#### Data excerpt:
= = =

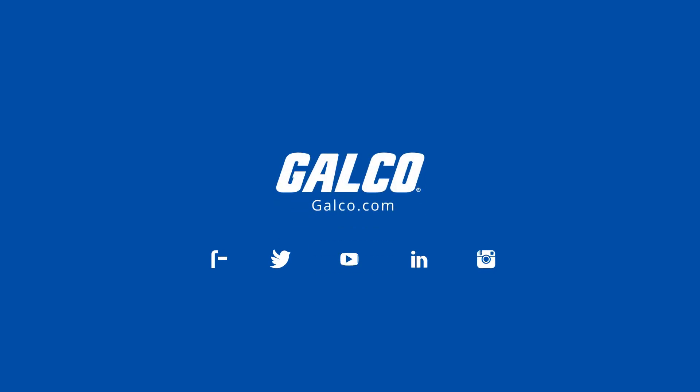You can view our full selection of fuses and much more at galco.com.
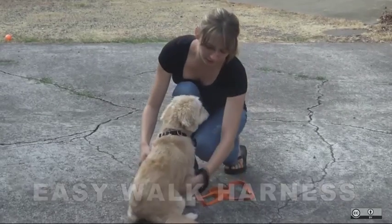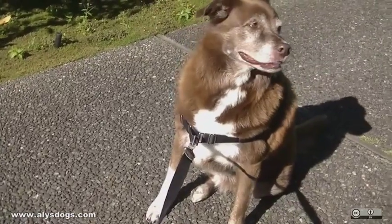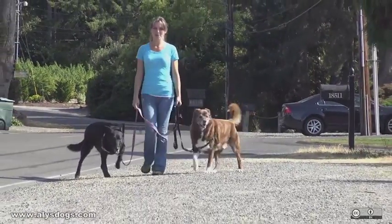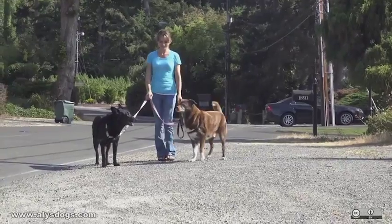This harness takes the pressure off the dog's sensitive neck. Attaching the leash to the ring on the chest strap discourages the dog from pulling by turning him towards you instead of allowing him to go forward. It is a great tool for a dog who is a constant puller.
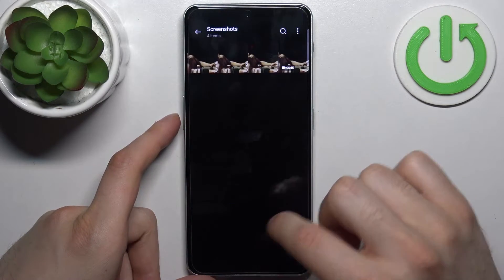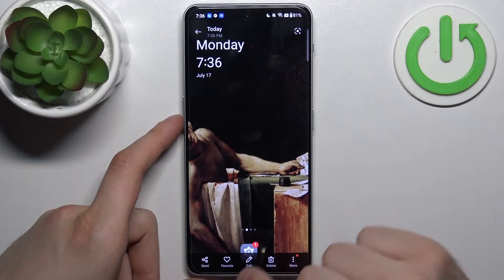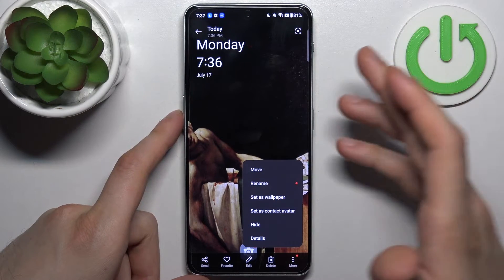You can find your screenshots in the Gallery app, in the Screenshots album. From there you can send, favorite, edit, delete your screenshots, or perform other actions from the list.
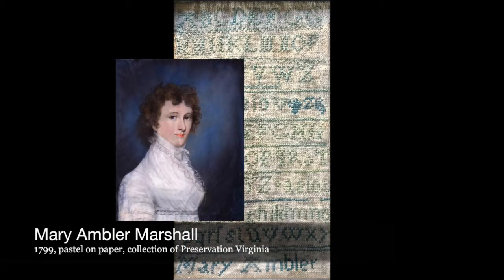While Mary's sampler isn't the flashiest design, it is an impressive exercise in technique. She must have been sufficiently pleased with the result as she boldly marked her name across the bottom. You too can try your hand at her sampler — check out the link below for the pattern. Your purchase of this, or any of our needlework kits, supports Preservation Virginia's ongoing stewardship of the John Marshall House and meaningful material survivors like this sampler.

= = =

#### Task goal:
Retyped exactly, the lines from the one holding "This harness takes" through the last line of the data above are the whole answer. Pictures stay out.

#### Solution to the exercise:
This harness takes the pressure off the dog's sensitive neck. Attaching the leash to the ring on the chest strap discourages the dog from pulling by turning him towards you instead of allowing him to go forward. It is a great tool for a dog who is a constant puller.
You can find your screenshots in the Gallery app, in the Screenshots album. From there you can send, favorite, edit, delete your screenshots, or perform other actions from the list.
While Mary's sampler isn't the flashiest design, it is an impressive exercise in technique. She must have been sufficiently pleased with the result as she boldly marked her name across the bottom. You too can try your hand at her sampler — check out the link below for the pattern. Your purchase of this, or any of our needlework kits, supports Preservation Virginia's ongoing stewardship of the John Marshall House and meaningful material survivors like this sampler.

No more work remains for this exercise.